With Wealleans and Fritsch you’ve got two strong-willed personalities that might possibly create an interesting hybrid without either one dominating. Both have had very successful collaborations with other artists: Wealleans with Francis Upritchard and Fritsch with Gavin Hipkins. And with both being interested in the ornamentation of the body - Fritsch with his rings and Wealleans with his carved paint necklaces (hanging off sculpture) and decorated naked women - it makes good sense to team them up.
Wealleans here presents some of his characteristically bulbous, ganglionlike sculptures - a large, pock-marked protruding wall rectangle with threads of laminated paint prisms - and a similarly festooned freestanding paint and polystyrene creature seated on an acrylic-smeared roll of cardboard. On the walls he has framed gouache works that depict intricate layered webs or nets, with lines of beads woven through. Fritsch’s works on the walls include some rings dangling from pinned up cut out photographs, a form of innovative sculptural collage.
The real surprise is a bookcase with various trays of Fritsch rings on its shelves, and below them, some semi-circular ‘cakes’ of thick rubbery paint - uncarved layers that are part of a process Wealleans normally keeps hidden. It is an interesting pairing to have these solid chunks available for viewing with the delicately airy, finely sliced ‘honey-combed’ Wealleans webs on the walls. In terms of mass one seems to compensate for the other.

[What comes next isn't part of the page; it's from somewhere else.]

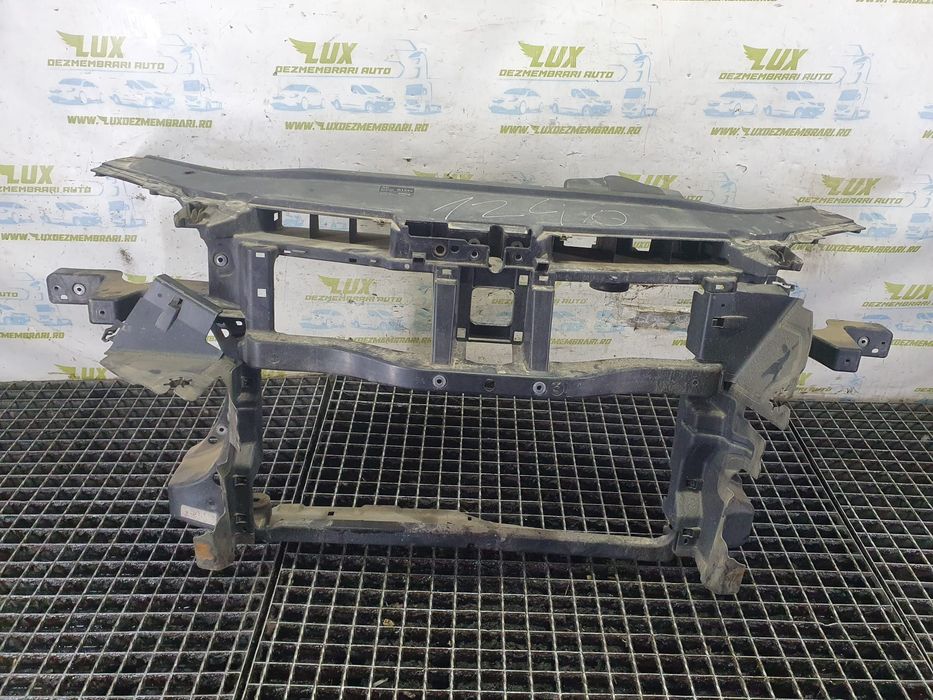 Trager Volkswagen Passat B6 (2005 - 2010) (1240) BLR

Fritsch‘s presence seems comparatively understated here, though his rings (really sculpture for the fingers) provide a lot of pleasure and amusement for careful and determined looking. Like Wealleans with painting (and indeed sculpture) he has reinvented how audiences can look at his genre - jewellery. What a ring can be has been forever changed, though with some of these particularly raw items the mind haemorrhages trying to envisage them on a person’s hand, they dominate so. The whole fist, moving arm and clothed torso would become sculpture too. They have such personality they take over.